M quiz Hackney dance act Rudimental on their incredible year and just how they’ve owned 2013…

Jim Ottewill
  • By Jim Ottewill
  • 13 Dec 2013
  • min read
For many 2013 will be known as the year British dance music exploded.

Stats from the Official Charts Company, released by the BPI earlier this year, showed that sales of dance music have been at their highest since 2006. Hackney-based dance act Rudimental are one of the main reasons behind this revival.

Their debut album Home topped the charts while they also enjoyed number one singles with Feel the Love (featuring vocals from John Newman) and Waiting All Night with Ella Eyre. These collaborations are at the heart of a ‘family vibe’ that producer Amir Amor believes is behind their success.

Couple these killer dance-pop hits with a euphoric live show and you have one of the biggest British bands of the year. M found some time in the band’s busy schedule to quiz Amir about their year, chart success and what the future holds…

Can you remember how you first got into music?

My older brother used to play a lot of soul – Otis Redding, Marvin Gaye, Sly and the Family Stone. It made me want to write songs. I used to have a little tape recorder which I’d record beats onto. I’d take it to school and sell them. It was the first taste I’d had of music as a job.

I soon worked out you could make beats at home if you had a computer and it snowballed from there. I just fell in love with it. Everything else - football, girls - all that went out the window. All that was left was music.

How did Rudimental get together?

Funnily enough, we went to the same 6th form but didn’t really know each other. I heard about Rudimental on pirate radio, then met them through Black Butter Records when I first started running the Major Tom studio in east London. This is where we’re all based now. It’s when things started kicking off. Within a couple of months we had Feel the Love which was our first number one. I joined, Rudimental became a four piece and we started working on our album, Home.

So you recorded Home at Major Tom?

We recorded and produced the whole album there. The studio has been my brain child for about six years. It’s home for Rudimental, MNEK and John Newman. It’s been a pretty vibrant place since I started it.

How did the various collaborations on the record take place?

Many of them were friends we’d grown up with or people we’d met really randomly. We saw John Newman at an acoustic night. We’d already written Feel the Love and didn’t have a singer. We heard him sing and were like ‘wow’ he’s a perfect fit for the track. We became friends after that and ended up writing Not Giving In. It started from there. We always keep an eye out for new talent and new singers.

What have been your highlights of the past 12 months? 

Aw man – there’s been so many. The Mercury Music Prize nomination was a big highlight. I’ve bought all the nominated albums over the last six or seven years so to be nominated for that was amazing, particularly as it’s based on the songs.

V Festival was another. We’ve played a lot of festivals this summer but that gig was really special. They had to lock off the field because there were more people trying to get in. It was the biggest crowd at that stage since the Prodigy back in the nineties.

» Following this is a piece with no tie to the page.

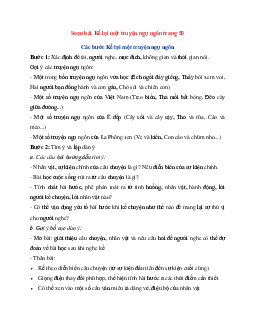 Soạn bài Kể lại một truyện ngụ ngôn trang 50 | Ngữ Văn 7 Chân Trời Sáng Tạo tập 1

Did you expect such success?

I’ve been involved in many different projects as a producer but this had a chemistry which was pretty special. It’s something that none of us had really experienced before.

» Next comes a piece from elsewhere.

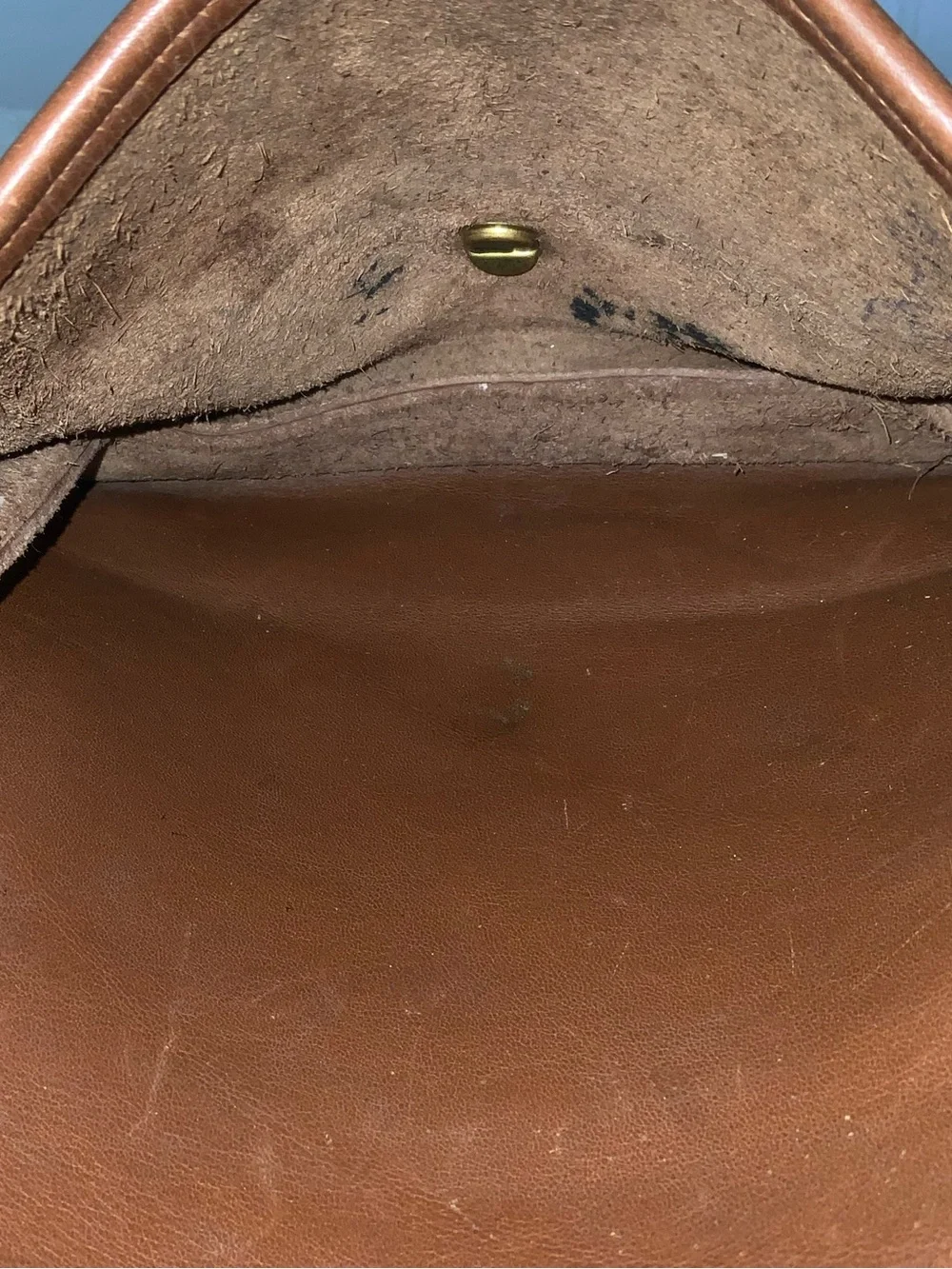 Coach Vintage Station Bag British Tan leather glove brass turnlock closure - Picture 7 of 12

Our success has definitely exceeded our expectations by far but at the same time, we were always ambitious and one of the things we talked about when I joined is what we’d be doing in five years time. We wanted to play Glastonbury and make important albums. It’s all happening a lot quicker than any of us imagined. It’s been a mad ride.

Why do you think you have been so successful?

Well at the gigs we see old school ex- ravers and younger pop fans. It’s the most mixed audience you’ve ever seen. But we try to stay behind the music – we’re not in the press materials or videos. The music speaks for itself.

The message we’re trying to bring is positivity. We have a wicked family vibe when we perform. There are nine of us on there. People see us enjoying ourselves and they enjoy themselves too. It’s more like a James Brown-sort of school of thought – every person on stage has their moment. We’re bringing positivity in the lyrics and a bit of happiness to dark times.

What are your thoughts on the current health of dance music in the UK?

It seems like it’s in the best place it’s ever been. You’ve got acts like Disclosure who came through at the same time as us. They’re playing undiluted dance music in the mainstream. People are listening to it and it’s getting in the charts. It’s in a really good place.

We’re in America right now in New York playing jungle music which first came out of London. It’s come pretty far man.

Have you got any advice for aspiring songwriters?

Stubbornness and persistency are two of the most important qualities if you’re working in music. There’ll be a lot of obstacles which could set you back. You won’t make any money at the start.

You need to be able to work with people, listen and collaborate. Making music is not something you can do entirely on your own. That’s something which has taken me years to learn.

What’s next for Rudimental?

We’re planning an album but we’ve still got a lot to do in terms of getting the message across with Home. People still come to our shows expecting to see a DJ. They don’t realise we’re a full live band. So there’s still work to do in playing and educating people on what it’s all about.

We’re always writing wherever we are. It doesn’t matter whether we’re here or there. It’s a continuous process. We’ve got a lot more coming. We’ve only just scratched the surface.